Kubernetes can run anything. That’s its strength and its problem. Without a clear production checklist, the container orchestrator becomes an incident generator. This article is 15 points we check on every cluster before marking it as production-ready. No theory — concrete configurations, YAML snippets, and explanations of why each point matters.
Why Kubernetes Deployments Fail in Production¶
Most K8s incidents we deal with aren’t related to bugs in Kubernetes itself. The problem is almost always in the configuration — in what the team skipped because it “wasn’t necessary for the dev environment.” Three reasons dominate our incident statistics.
Missing Resource Limits and Requests¶
A single pod without limits can consume all of a node’s memory and crash other workloads.
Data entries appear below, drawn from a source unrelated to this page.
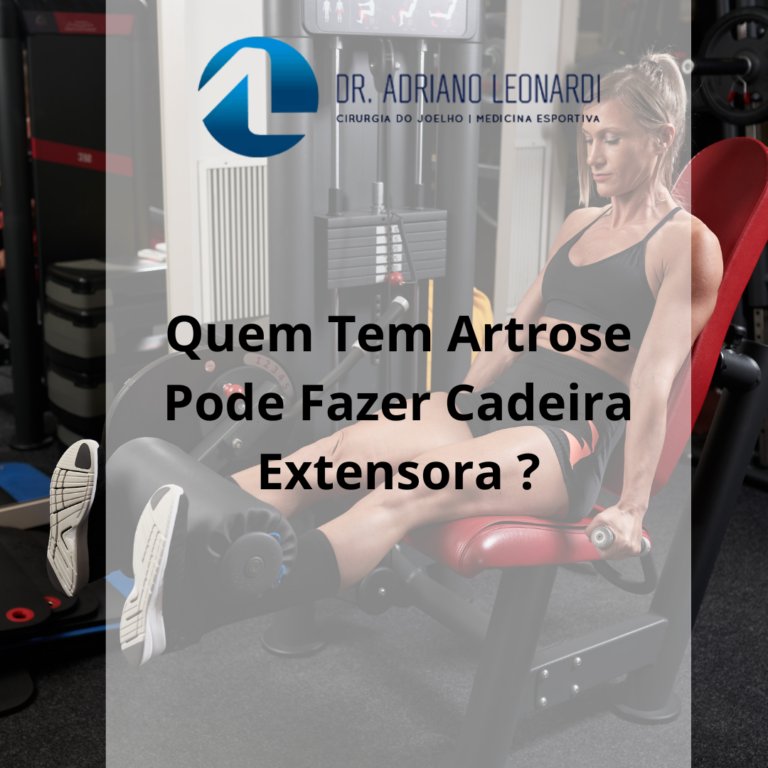 ARTROSE PODE FAZER CADEIRA EXTENSORA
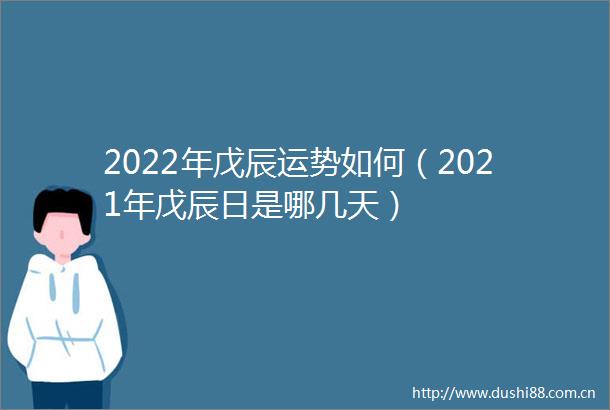 2022年戊辰运势如何（2021年戊辰日是哪几天）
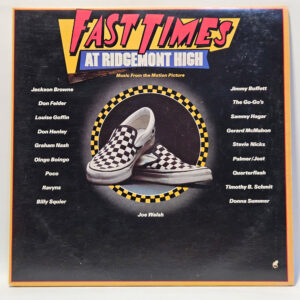 Various - Fast Times At Ridgemont High • Music From The Motion Picture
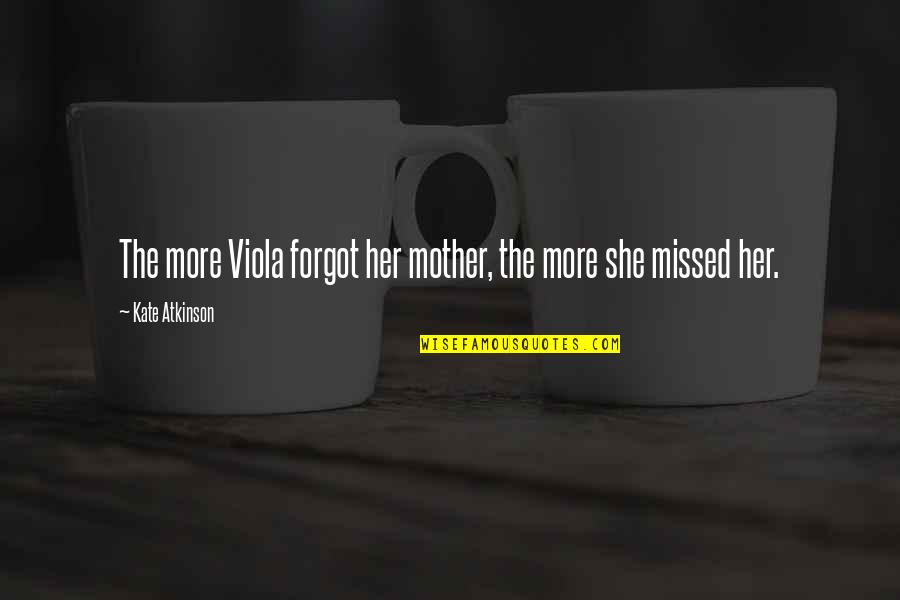 Beat Andres Fashion Quotes By Kate Atkinson: The more Viola forgot her mother, the more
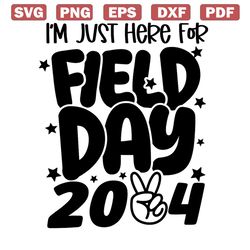 im just here for field day 2024 png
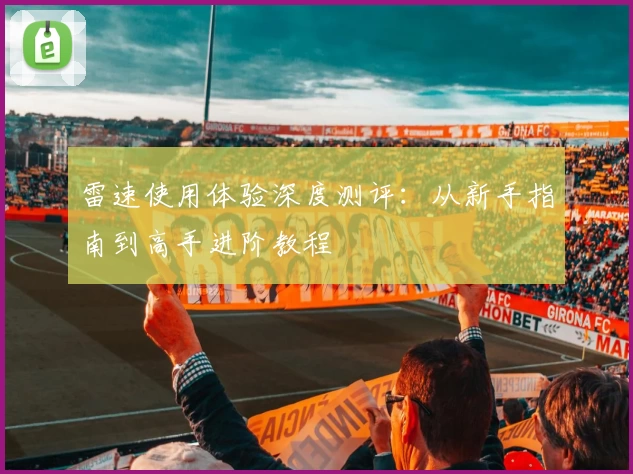 雷速使用体验深度测评：从新手指南到高手进阶教程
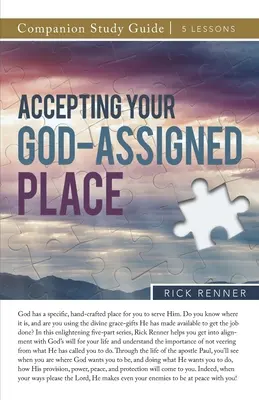 Accepter la place qui vous est assignée par Dieu Guide d'étude - Accepting Your God-Assigned Place Study Guide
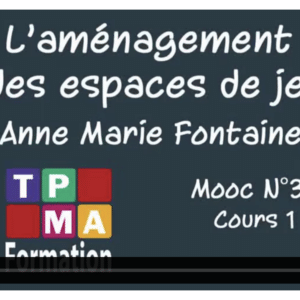 L'aménagement des espaces de jeu 1/2 par Anne-Marie Fontaine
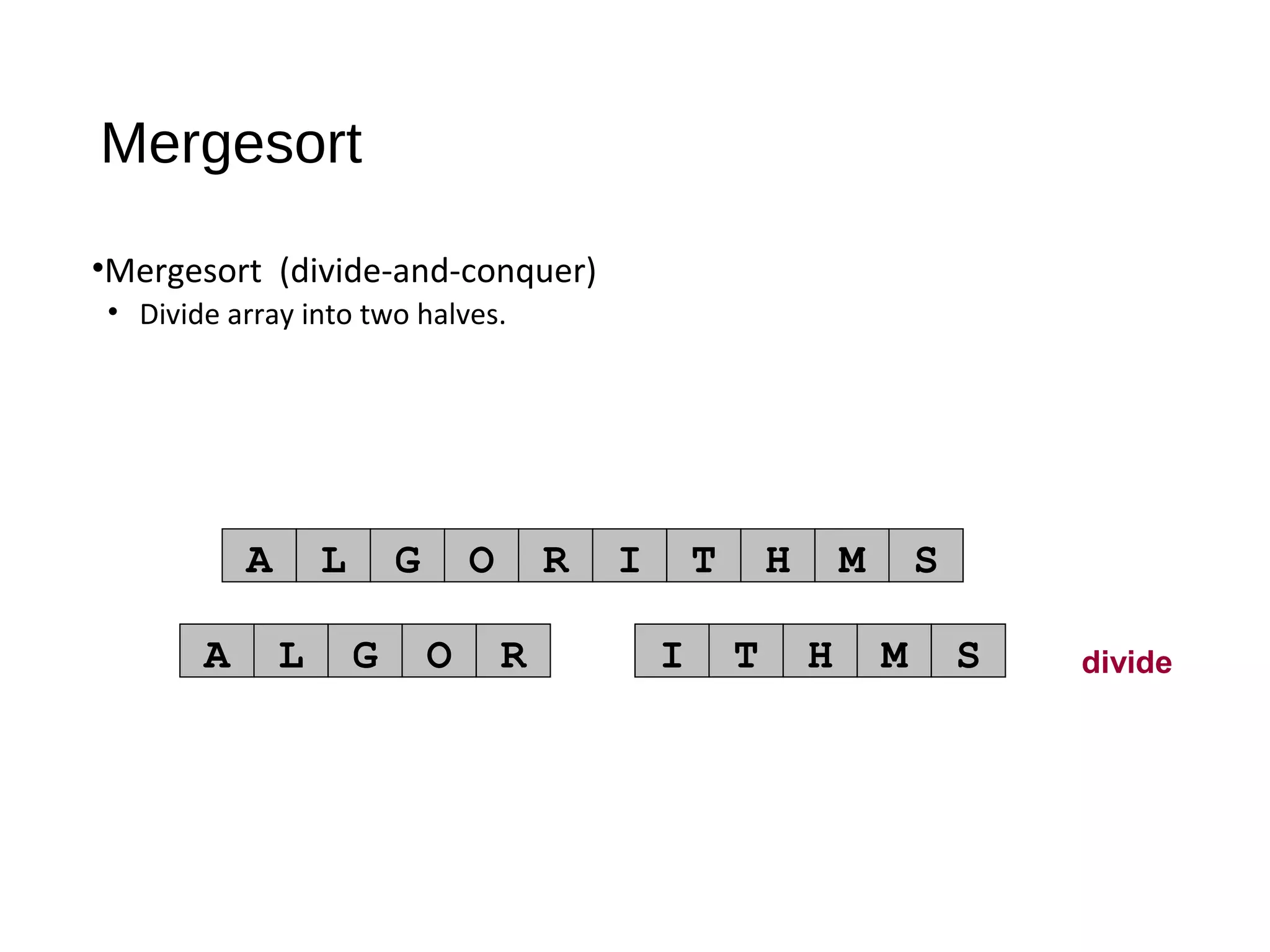 Mergesort
•Mergesort (divide-and-conquer)
• Divide array into two halves.
A L G O R I T H M S
divideA L G O R I T H M S
 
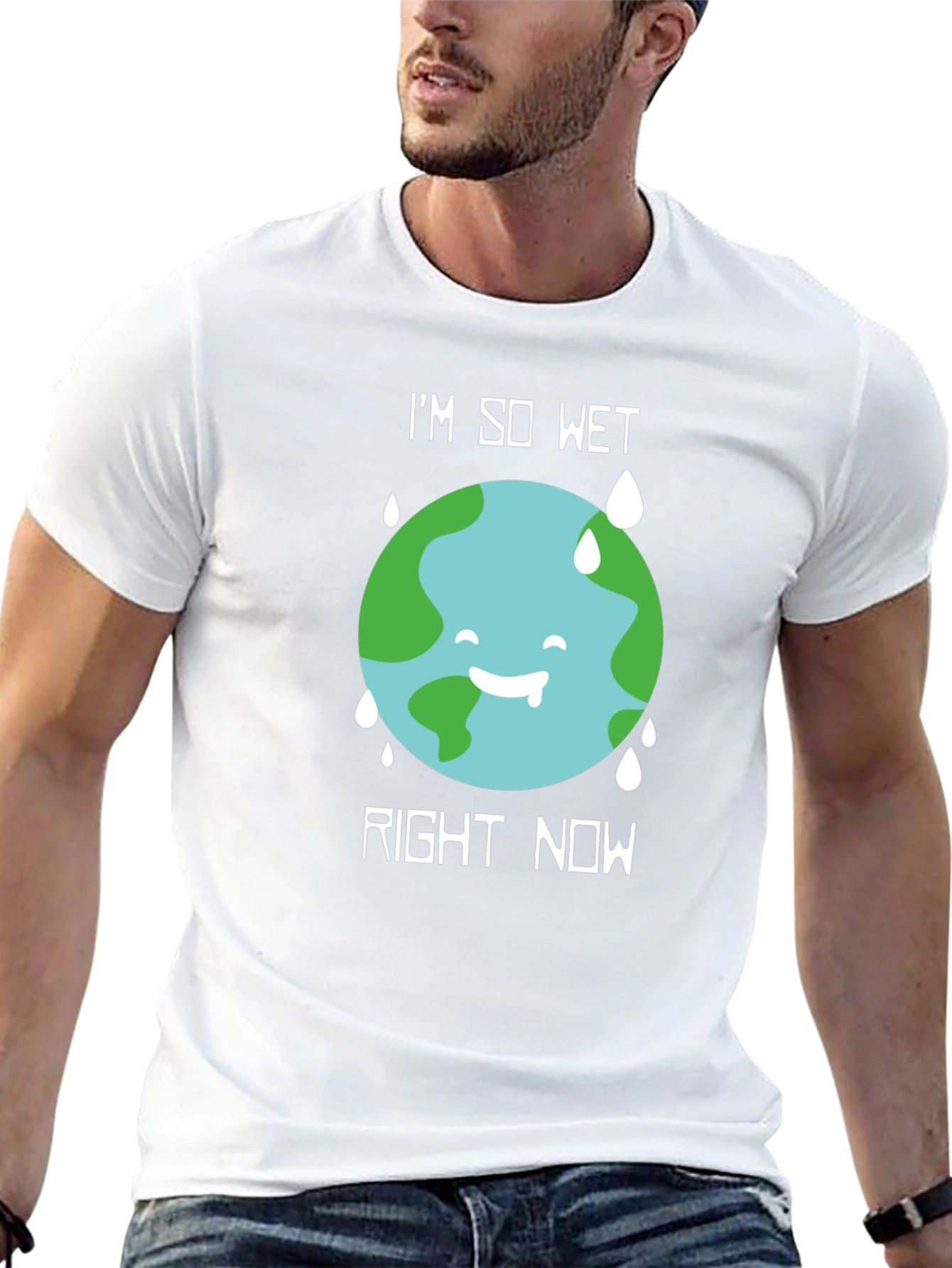Im So Wet Earth Graphic T-Shirt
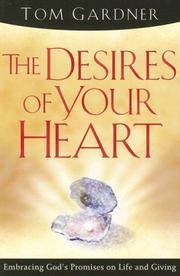 Cover of: The Desires of Your Heart by Tom Gardner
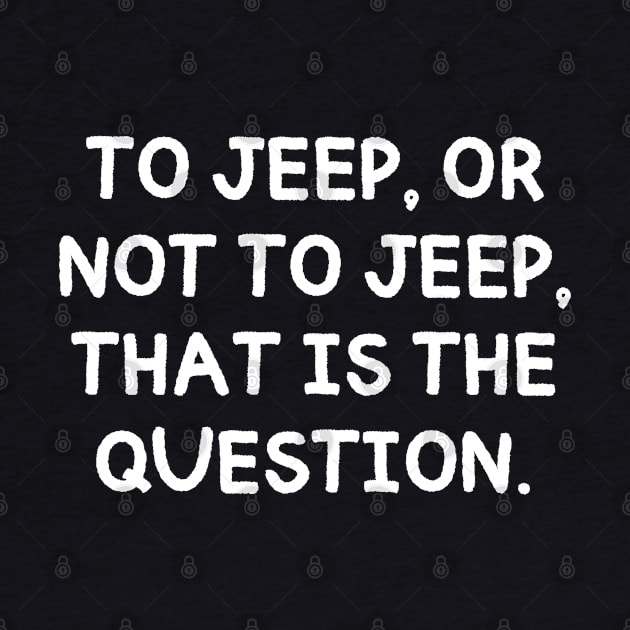 To jeep, or not to jeep, that is the question. by mksjr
In dev that doesn’t matter — in production it means a 3 AM PagerDuty alert. Without resource requests, the scheduler can’t reasonably place pods and the cluster becomes unpredictable. This is the number one cause of OOM kills we see at clients.
No Health Checks¶
Kubernetes without liveness and readiness probes doesn’t know if your application is running or just taking up space. A pod can hang in a deadlock, return no requests, but Kubernetes considers it healthy because the process still exists. Result: users get 502s and you don’t know why — after all, all pods are “Running.”
Flat Network Without Policies¶
By default in Kubernetes, every pod can communicate with every other pod. That’s convenient for development and catastrophic for security. A compromised pod in one namespace has free access to a database in another namespace. Without network policies, the entire cluster is one big flat network with zero segmentation.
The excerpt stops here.